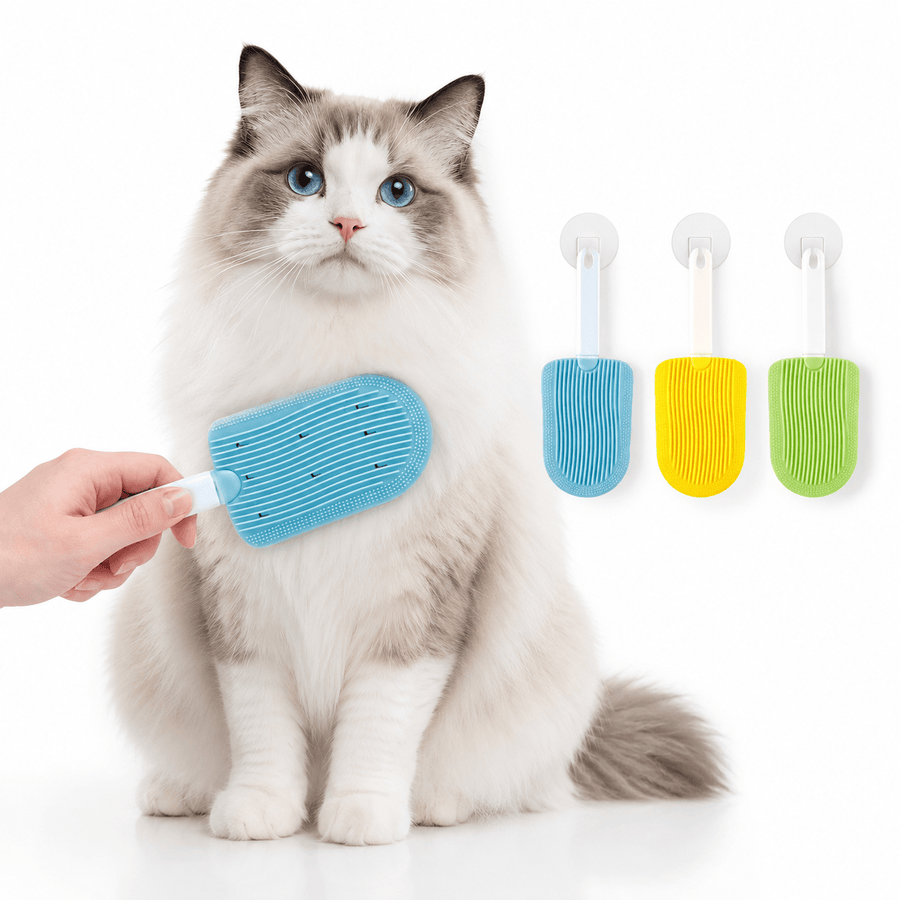 Gentle deshedding brush used as part of a regular pet grooming routine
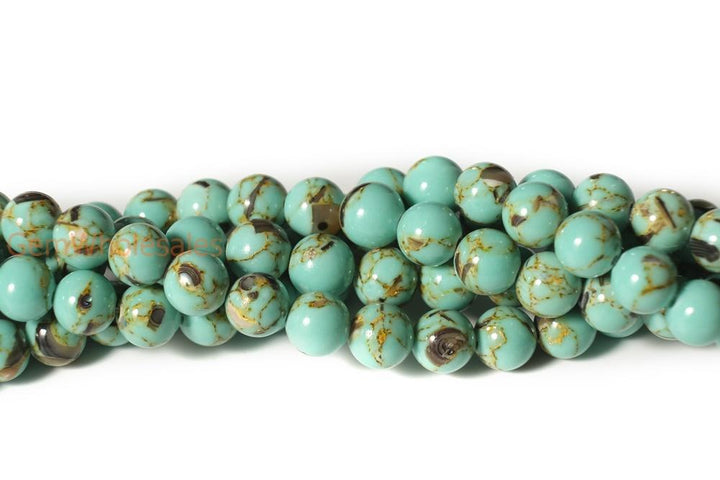 15.5" 8mm Green Turquoise Beads With Shell Inlay round jewelry beads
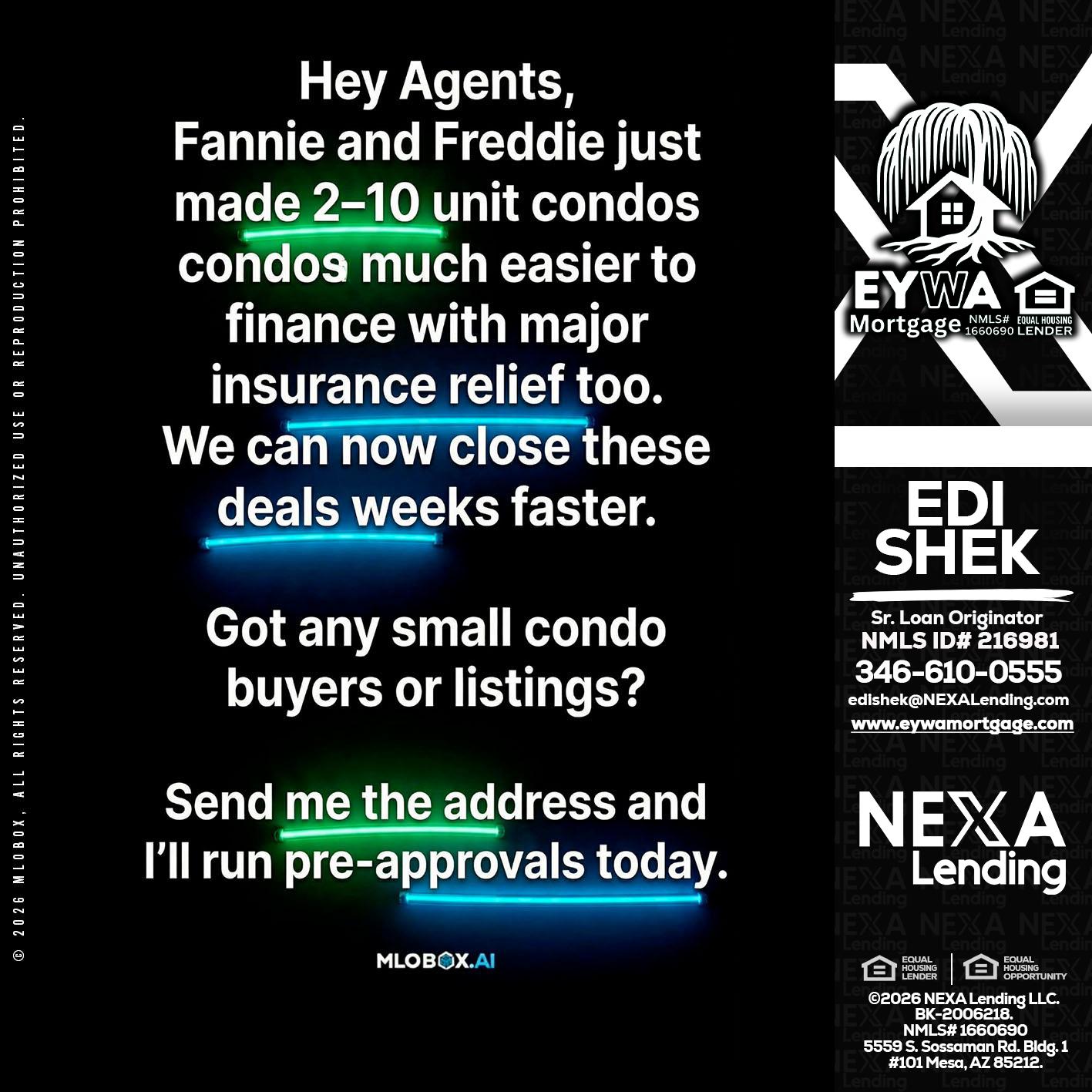 HEY AGENTS - Edi Shek -Loan Originator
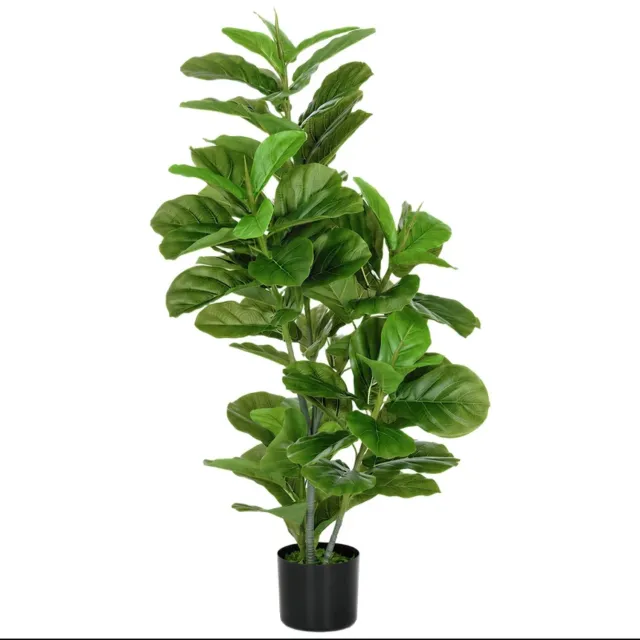 ZYLARO Kunstficusplant - 110 cm hoog - 90 bladeren - Inclusief pot - Voor de woonkamer Groen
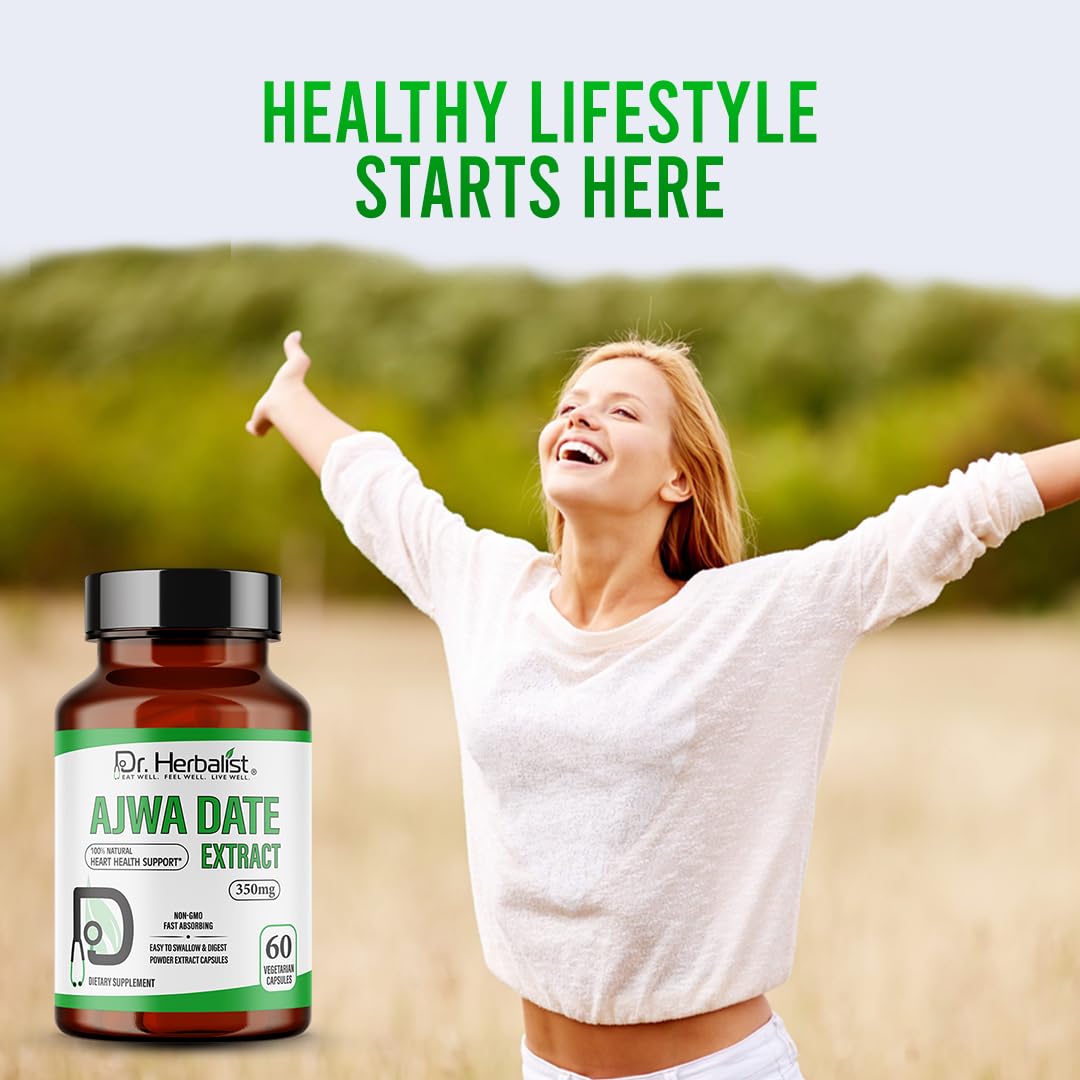 Dr. HERBALIST Ajwa Date Extract 350mg Capsules 60 Count
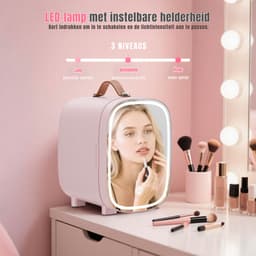 Lìon® Mini Koelkast - Minibar - 4L Capaciteit - Skincare Koelkast - Roze - 29cm x 21cm x 30cm — thumbnail 5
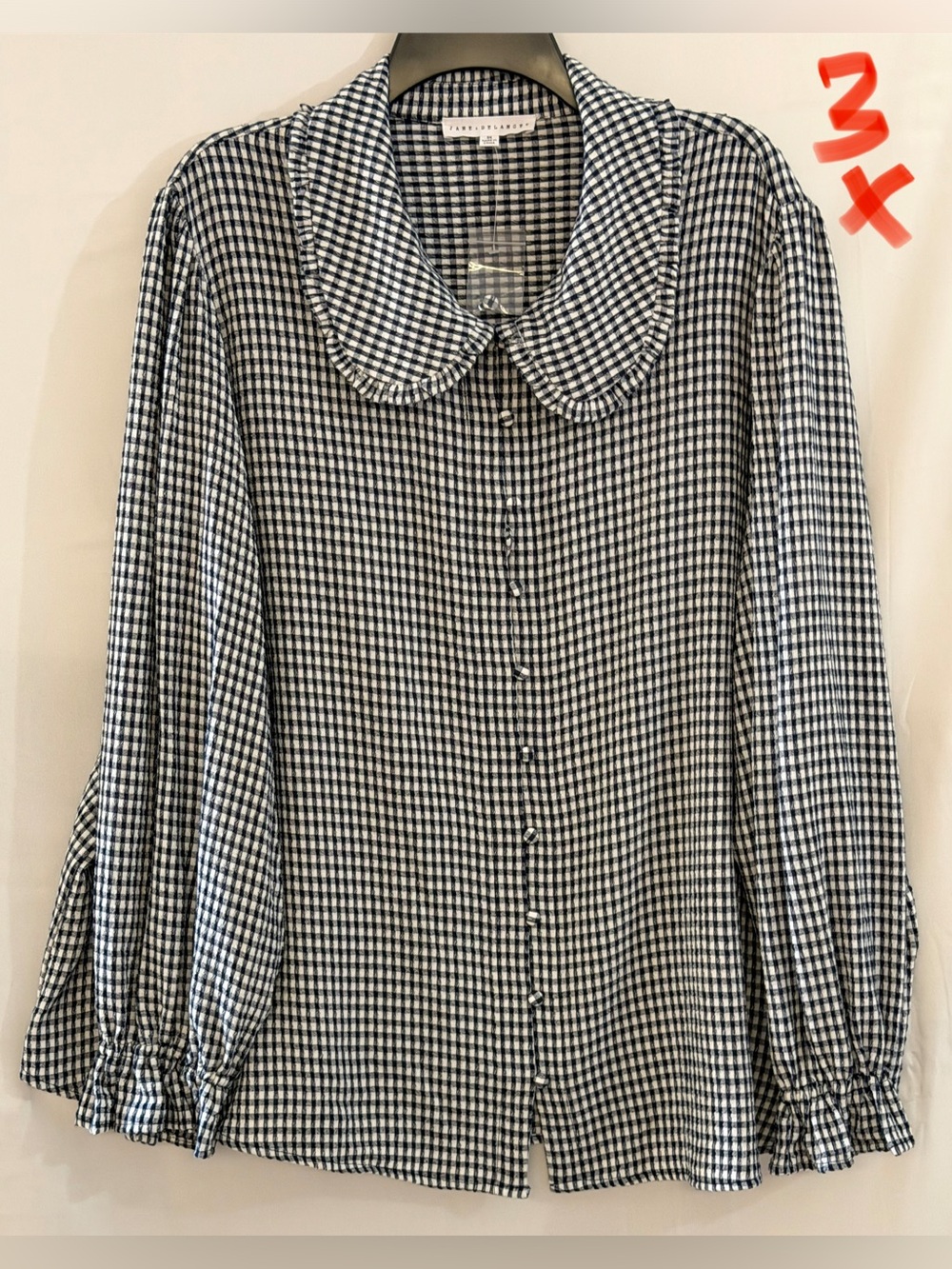 Jane and Delancey Navy & White Gingham Button-Down Blouse with Peter Pan Collar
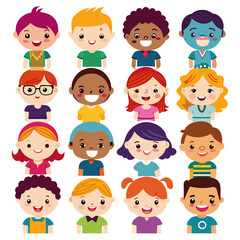 Boy and girl avatar Colorful icons set bundle vector design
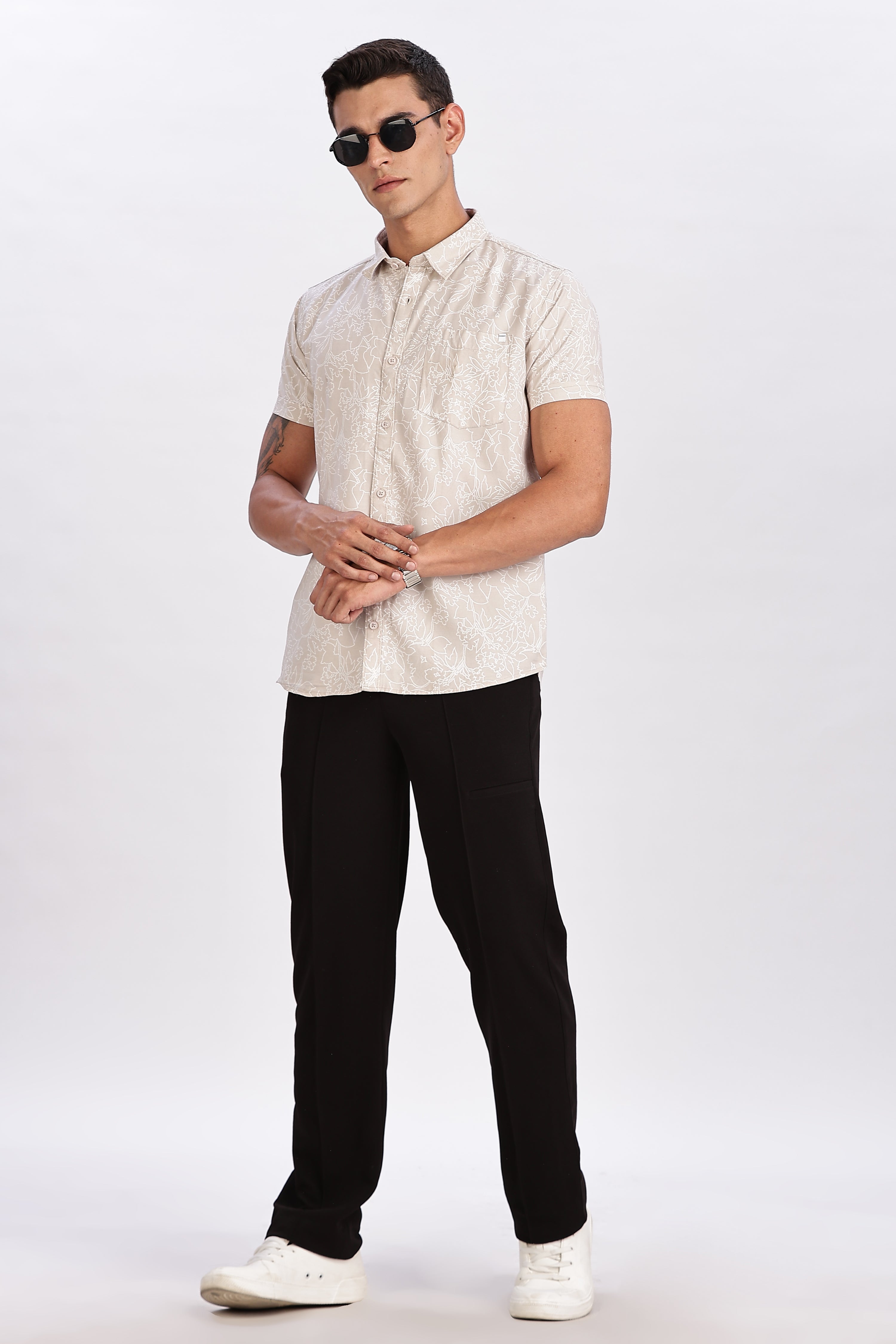 Color Hunt Men's Light Brown Half Sleeve Rayon Shirt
•••
Pictures in the records above are not copied; print everything else exactly.

■ **Result below**
 Gentle deshedding brush used as part of a regular pet grooming routine
 15.5" 8mm Green Turquoise Beads With Shell Inlay round jewelry beads
 HEY AGENTS - Edi Shek -Loan Originator
 ZYLARO Kunstficusplant - 110 cm hoog - 90 bladeren - Inclusief pot - Voor de woonkamer Groen
 Dr. HERBALIST Ajwa Date Extract 350mg Capsules 60 Count
 Lìon® Mini Koelkast - Minibar - 4L Capaciteit - Skincare Koelkast - Roze - 29cm x 21cm x 30cm — thumbnail 5
 Jane and Delancey Navy & White Gingham Button-Down Blouse with Peter Pan Collar
 Boy and girl avatar Colorful icons set bundle vector design
 Color Hunt Men's Light Brown Half Sleeve Rayon Shirt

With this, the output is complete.